Oltre oceano continua il dibattito sul possibile uso dell’ivermectina nelle cure contro il Covid-19. Il farmaco, per il quale ancora manca il parere della FDA sull’efficacia contro il coronavirus, è somministrato anche alle donne incinta e anche a bambini e neonati, ma nella lotta al virus ha trovato diversi muri alzati dall’ente governativo statunitense che si occupa della regolamentazione dei prodotti farmaceutici. Una nuova ricerca, pubblicata su Science Direct prova però a mettere in dubbio l’idea americana, confermando come altri studi l’effettiva utilità del farmaco contro il coronavirus.



Insignito del premio Nobel per la medicina nel 2015, l’ivermectina è un farmaco antimalarico usato principalmente per malattie tipicamente tropicali, ma nel marzo 2020 è stato utilizzato in alcuni casi contro il Covid-19. Dai primi rilievi è stato possibile scoprire inizialmente che i casi trattati con l’antimalarico non si aggravavano e che il numero di decessi fosse sotto controllo, ma dalla Food and Drugs Administration non è mai arrivato il via libera per il trattamento.
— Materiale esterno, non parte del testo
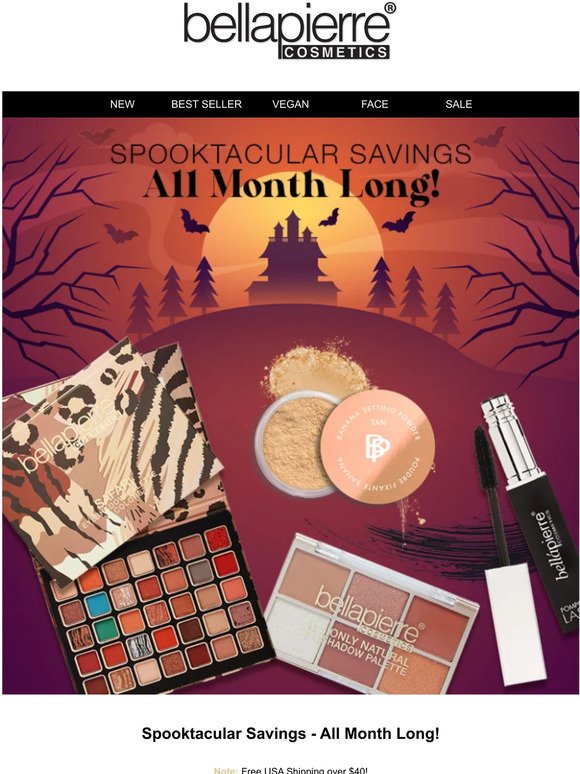 Spooktacular Savings - All Month Long! - Bellapierre Cosmetics USA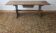 Large antique pine trestle dining table with drawer, Sweden 1780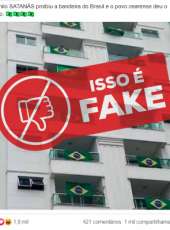 FAKE NEWS – Imagem de sacada de prédio com bandeiras do Brasil não é no Ceará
Nello studio pubblicato dalla piattaforma scientifica è arrivato un chiaro esempio dell’efficacia del farmaco in un paese come il Perù nel quale l’uso dell’ivermectina ha ridotto di 14 volte il numero dei decessi e una volta bandito dal nuovo presidente a fine 2020 i morti sono aumentati nuovamente, con numeri 13 volte maggiori ai mesi precedenti.



In Perù ridotti 14 volte numero morti: “Con vaccini è efficace”
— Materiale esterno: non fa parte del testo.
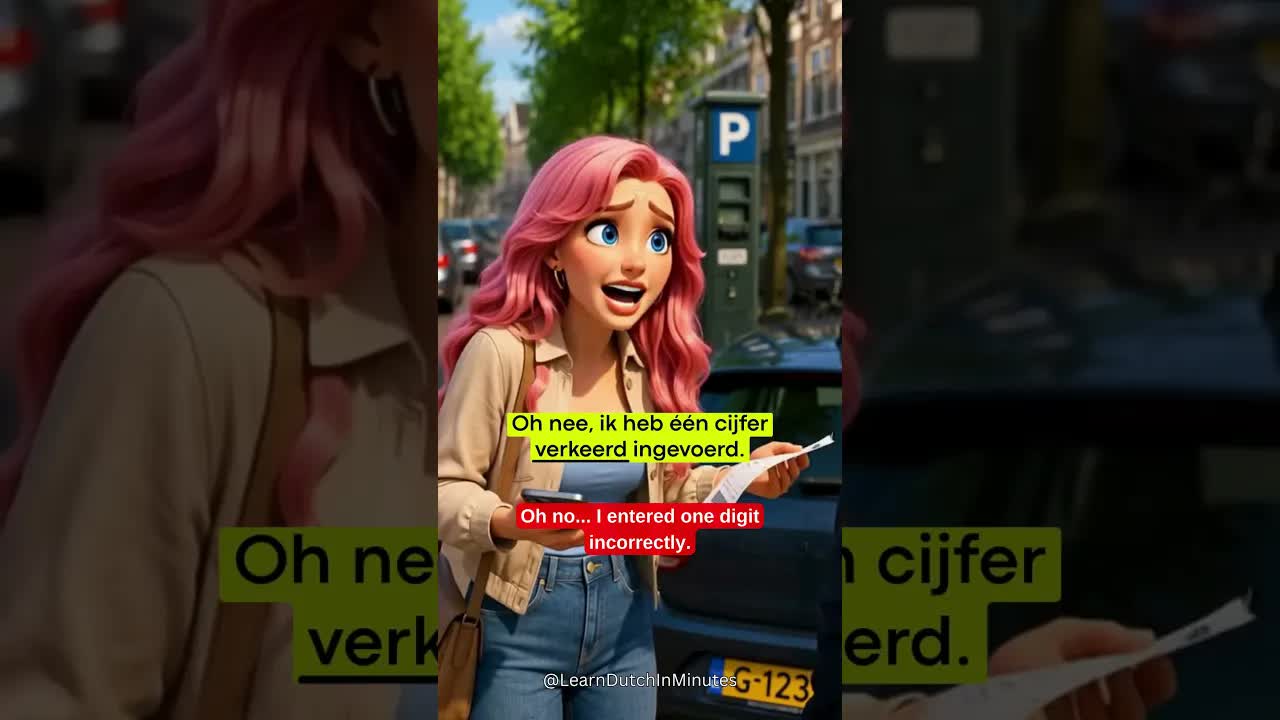 Een parkeerboete door een typefout in de app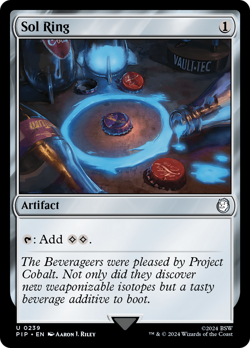 Sol Ring #239 | Near Mint | Fallout Magic MTG - Image 1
Lo studio pubblicato su Science Direct, condotto dagli studiosi Santin, Scheim, McCullogh, Yagisawa e Borody pubblicato ad agosto, dimostra come l’ivermectina possa avere un’efficacia non trascurabile contro il Covid-19. Stando alla ricerca pubblicata sulla piattaforma scientifica, infatti, primi studi su animali hanno permesso di riscontrare dei miglioramenti nell’infezione da coronavirus. Nello specifico gli studiosi hanno trattato criceti e topi col farmaco, osservando la diminuzione della carica virale e miglioramenti nell’incidenza di anosmia (la perdita dell’olfatto) e riduzione dei danni epatici.



Gli studi, condotti in vari paesi del mondo anche sull’uomo, hanno poi dimostrato che anche il rischio relativo di mortalità con trattamento da ivermectina è stato ridotto, con soli 31 decessi sui 1101 casi trattati. La ricerca si è poi concentrata sui trattamenti combinati tra IVM e coadiuvanti che ne hanno dimostrato l’efficacia. Nello specifico, si evince dallo studio, i dati emersi supportano favorevolmente l’estensione del trattamento insieme alle vaccinazioni, perché il legame con la proteina Spike potrebbe produrre piena efficacia contro i ceppi mutanti del virus. Da Science Direct è arrivata dunque un’altra pagina del dibattito pro o contro ivermectina, con la palla che passa alla FDA per le valutazioni del caso.